S’il est bien connu des professionnels, le terme de synchro (pour synchronisation musicale) n’est pas pour autant entré dans le langage courant. Dans la synchro, une œuvre musicale (composée spécialement ou préexistante) vient soutenir et illustrer l’image, qu’il s’agisse d’un spot publicitaire, d’un film, d’une émission de télévision, d’un jeu vidéo... Un clip ou la retransmission d’un concert ne relèvent donc pas de la synchro, puisque dans ces cas-là c’est l’œuvre musicale qui est le sujet principal, l’image étant chargée de son illustration. Même si l’on ne compte plus les exemples de musiques volant la vedette à une pub ou, inversement, de vidéoclips éclipsant la chanson...Carlos vs Chemical Brothers
Avant toute chose, un petit coup d’œil dans le rétroviseur s’impose.
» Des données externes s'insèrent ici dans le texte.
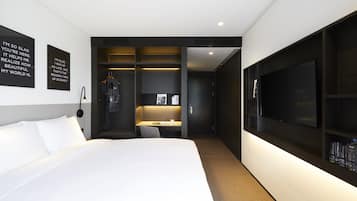 A modern hotel room with a large bed, a desk, a wardrobe, and a TV.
Car si les liens entre musique et publicité n’ont jamais été aussi forts qu’aujourd’hui, ils ne remontent pas à hier. C’est la radio qui, la première, a joué les entremetteuses, avec les régies publicitaires des stations qui recouraient à des musiciens : Trenet s’est ainsi plié à l’exercice dans les années 1930.
Publicité Forvil reprenant le thème de ‘Fleur bleue’ de Charles Trenet
Les années 1970 voient l’arrivée massive de la pub à la télévision. Les vedettes de l’époque, comme Gotainer ou Gainsbourg, s’y collent. Jusque dans les années 1990, l’habillage sonore des pubs se conçoit en gros de deux manières : le jingle entêtant (« Heureusement, il y a… » vous voyez quoi) et l’utilisation de tubes musicaux mainstream, que le grand public reconnaît à tous les coups.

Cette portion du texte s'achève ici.